Smog: the effects of pollution on your heart are worse than you think, the Italian study confirms it

We all know that the air we breathe is not exactly the best. But the new study from the Polytechnic of Milan presents us with a fact that leaves little room for the imagination: there is a direct link between pollution and cardiac arrests, and it is not a weak link at all.

The point is not just air quality in general, but what happens on peak days, when smog levels spike.

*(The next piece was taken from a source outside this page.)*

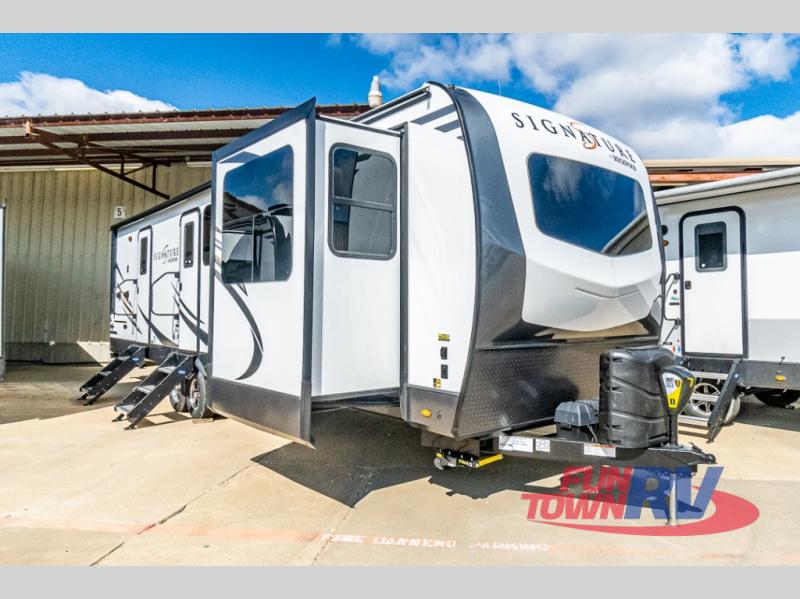 2020 Forest River RV Rockwood Signature Ultra Lite 8324SB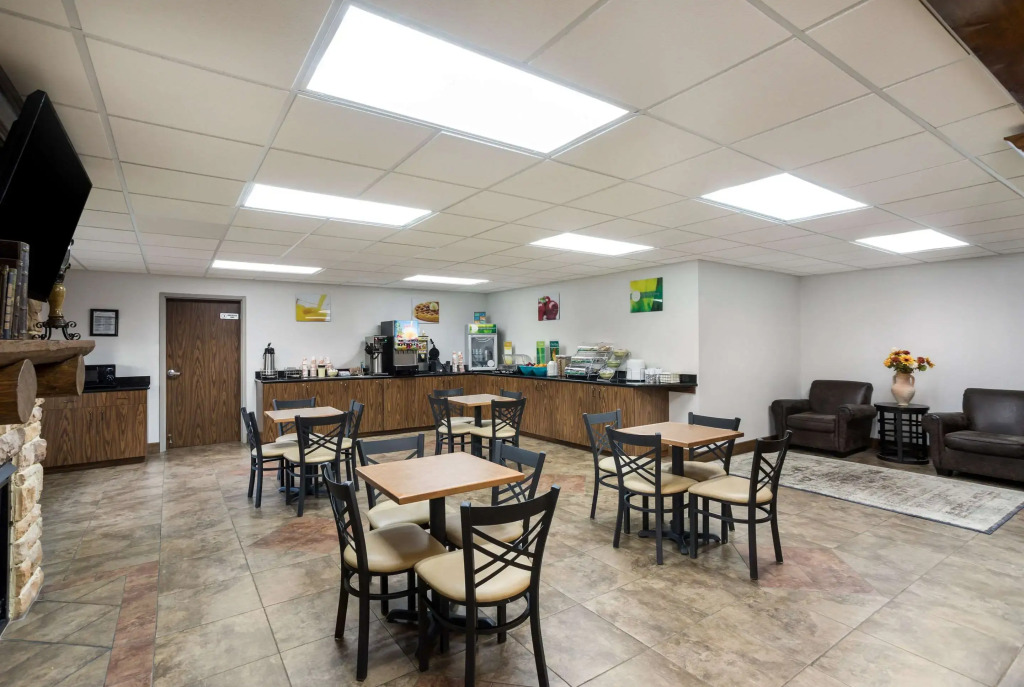 Quality Inn & Suites Monterey I-40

And this is where the heart, literally, seems to pay the highest price.

When the air is polluted, the heart accelerates risks

The study, published on Global Challengesanalyzed 37,613 out-of-hospital cardiac arrests recorded in Lombardy between 2016 and 2019. For each case, the researchers cross-referenced the clinical data with the daily concentrations of various pollutants: PM₂.₅, PM₁₀, NO₂, ozone and carbon monoxide, also using satellite measurements from the European Copernicus programme.

And the result is simple, if not very comforting:

There is no need to exceed the legal limits. Even below the threshold the effects are there, of course.

Urban areas show the strongest link, but the countryside is by no means immune. And in the hot months – when intense heat adds to the pollution – the situation gets even worse.

Amruta Umakant Mahakalkar, researcher at the Department of Electronics, Information and Bioengineering, explains the dynamics:

We observed a strong association with NO₂… and the effects are seen within four days.

It is not a problem “of the future”. It’s today, and it’s immediate.

The emergency services? They may find themselves unprepared

According to Enrico Caiani, professor at the Polytechnic and co-author, it’s not just about numbers:

During pollution peaks, health services should expect more calls.

It means that pollution is not just an environmental factor: it is an acute health factor.

The most industrialized region of Italy has been experiencing a dangerous mix for years: population density, traffic, domestic stoves, poorly ventilated winters. The result is a cocktail that the World Health Organization considers among the top environmental risk factors for many non-communicable diseases.

From problem to solution

Precisely from this scenario was born CLIMA-CARE, a project financed by ESA, led by the German Aerospace Center (DLR) and with the participation of the Group on Earth Observation (GEO) under the WMO.

The objective is ambitious: to understand how climate and pollution will affect public health, today and in the coming decades, and to provide emergency services with forecasting tools to manage requests in critical periods.

As Lorenzo Gianquintieri, researcher at the Polytechnic, explains:

The project will help us observe the impact of climate change on a population scale, from a One-Health perspective.

Ultimately, the environment, humans and animals are not watertight compartments. They breathe the same air, experience the same consequences.